NVidia Z Perf

Dark Helmet

Newcomer
On a GeForce FX 5950 Ultra with a stock ortho projection, does anyone know why the performance of this loop which renders unoccluded polygons that fill the screen varies by 20% if you just swap the comments on which z values are used (-512, -511, ... -257 versus -64, -63.875, ... -32.125).

Code:
  glOrtho        ( 0, HRES, 0, VRES, 0, 1000 ) ;
  ...
  for ( i = 0 ; i < 256 ; i++ )
  {
    float z = -512 + i;
    //float z = -64 + i / 8.0;
    glTexCoord2f(0,0);glVertex3f ( 0   , 0   , z ) ;
    glTexCoord2f(1,0);glVertex3f ( HRES, 0   , z ) ;
    glTexCoord2f(1,1);glVertex3f ( HRES, VRES, z ) ;
    glTexCoord2f(0,1);glVertex3f ( 0   , VRES, z ) ;
  }

This is with a 24-bit depth buffer cleared to 1, depth range set to 0..1, and depth testing is on. I'm at a loss to explain this one.
 
"Hierarchical Z" I think. I've seen this sort of performance difference depending on Z, too, on all sorts of different chips.
 
I think this has to do the with lower precision for Hierarchical Z, though I thought NVidia didn't use HiZ. zeckensack seems pretty sure about it.

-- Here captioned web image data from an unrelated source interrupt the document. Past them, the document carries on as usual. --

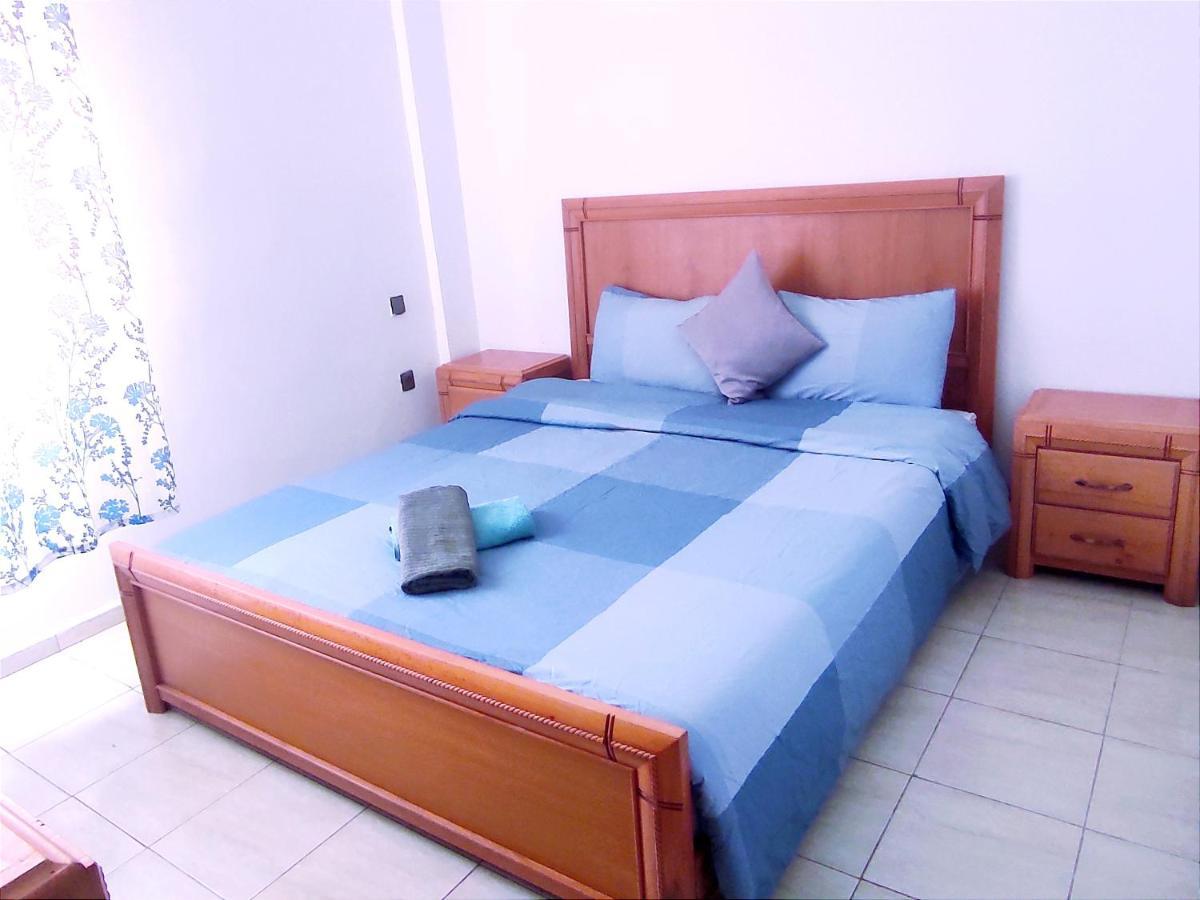 Appartaucoeurderabat Daire Dış mekan fotoğraf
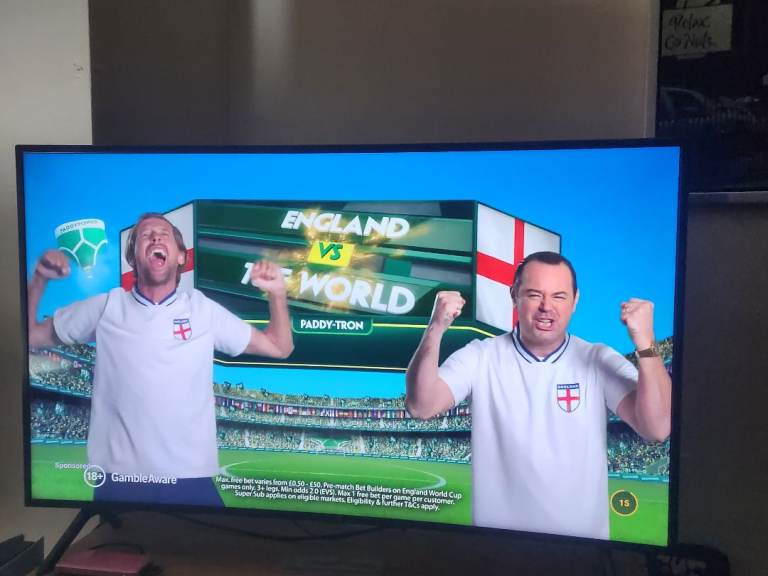 FOR SALE SAMSUNG ,CURVED TV 49INCH  4K TV  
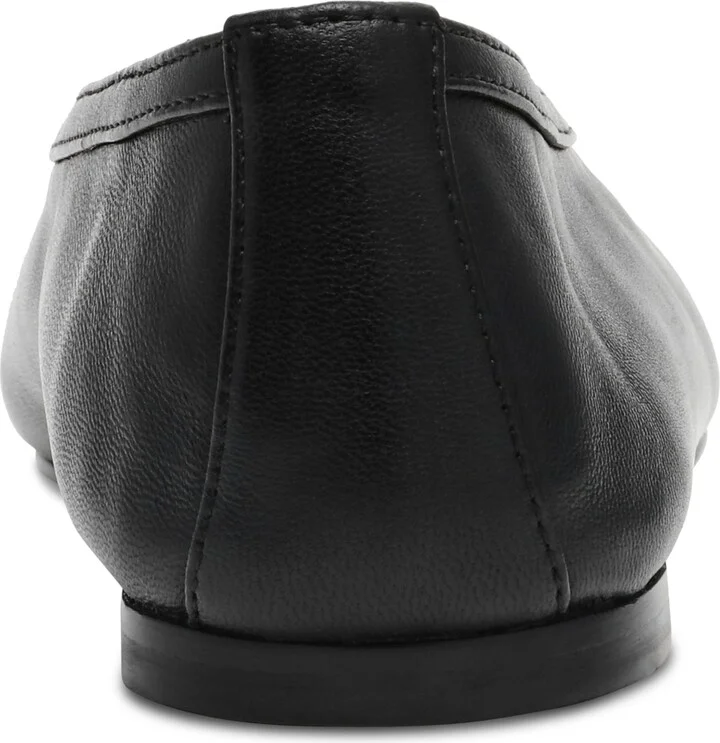 Steve Madden Women's Leni Snip-Toe Flats - Image 8
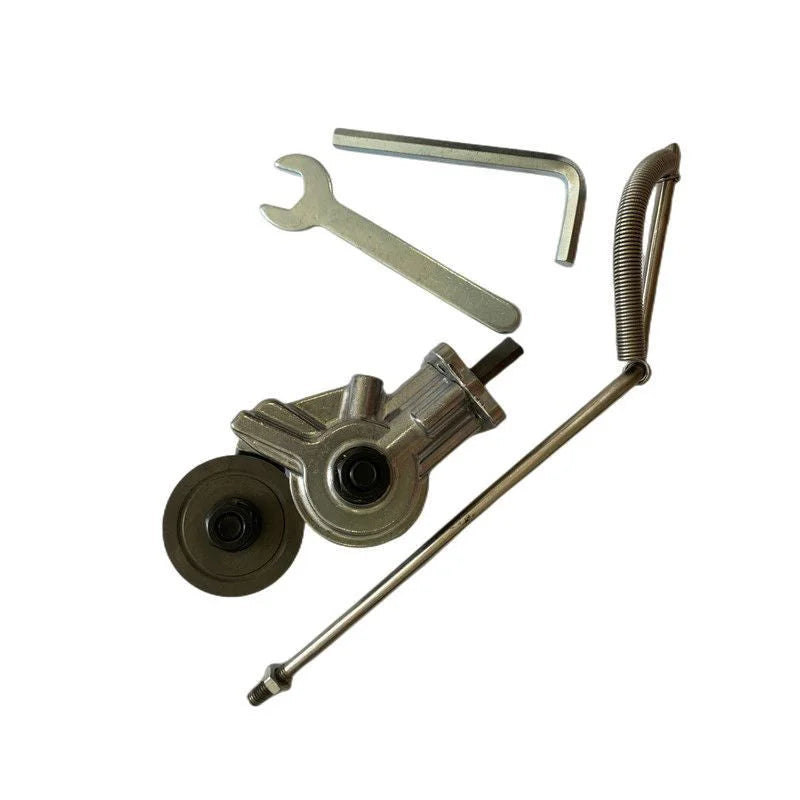 Electric Drill Cutter Attachment Nibbler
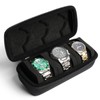 RIGICASE Watch Travel Case (3 slots)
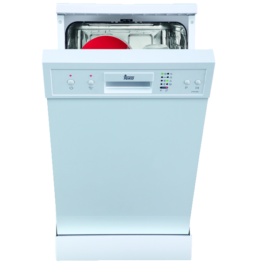 MÁQUINA DE LAVAR LOUÇA TEKA – LP8 400 – BRANCA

AFAIK, ATI uses 8-bit for HiZ, which is why they say to keep the near and far planes as close as possible for best results in their performance guide.
 
Well, for one, don't ever set the near range to zero. That's bad. (Depth error depends upon the ratio of the far plane to the near plane: if the near plane is set to zero, the error diverges).

Secondly, it tends to be dangerous to rely upon your compiler to properly cast the expression:
i / 8.0

...This may end up always returning integer values, even if the "i" is supposed to be cast to a float first.
 
Chalnoth said:
Secondly, it tends to be dangerous to rely upon your compiler to properly cast the expression:
i / 8.0

...This may end up always returning integer values, even if the "i" is supposed to be cast to a float first.
Which compiler does this wrong?
 
All I know is that I occasionally have problems with automatic casting, so I simply do all my casting manually.
 
Mintmaster said:
I think this has to do the with lower precision for Hierarchical Z, though I thought NVidia didn't use HiZ. zeckensack seems pretty sure about it.

Last time I asked they stated it wasn't a HiZ. It performs a similar task, is on-chip, but organised differently. Thats the best I've got so far.
 
Not sure if it's really HierZ. That's my best guess.
However, I am sure that it's not GeforceFX specific. I've seen this behaviour on Radeon 8500/9200/9500Pro, on GeforceFX5700 and on a DeltaChrome S8. To be more precise, z rejection performance depends on the distance from occluder to incoming fragment.

Chalnoth said:
Well, for one, don't ever set the near range to zero. That's bad. (Depth error depends upon the ratio of the far plane to the near plane: if the near plane is set to zero, the error diverges).
True for frustum type projections, but irrelevant for ortho projections.
 
Chalnoth said:
Well, for one, don't ever set the near range to zero. That's bad. (Depth error depends upon the ratio of the far plane to the near plane: if the near plane is set to zero, the error diverges).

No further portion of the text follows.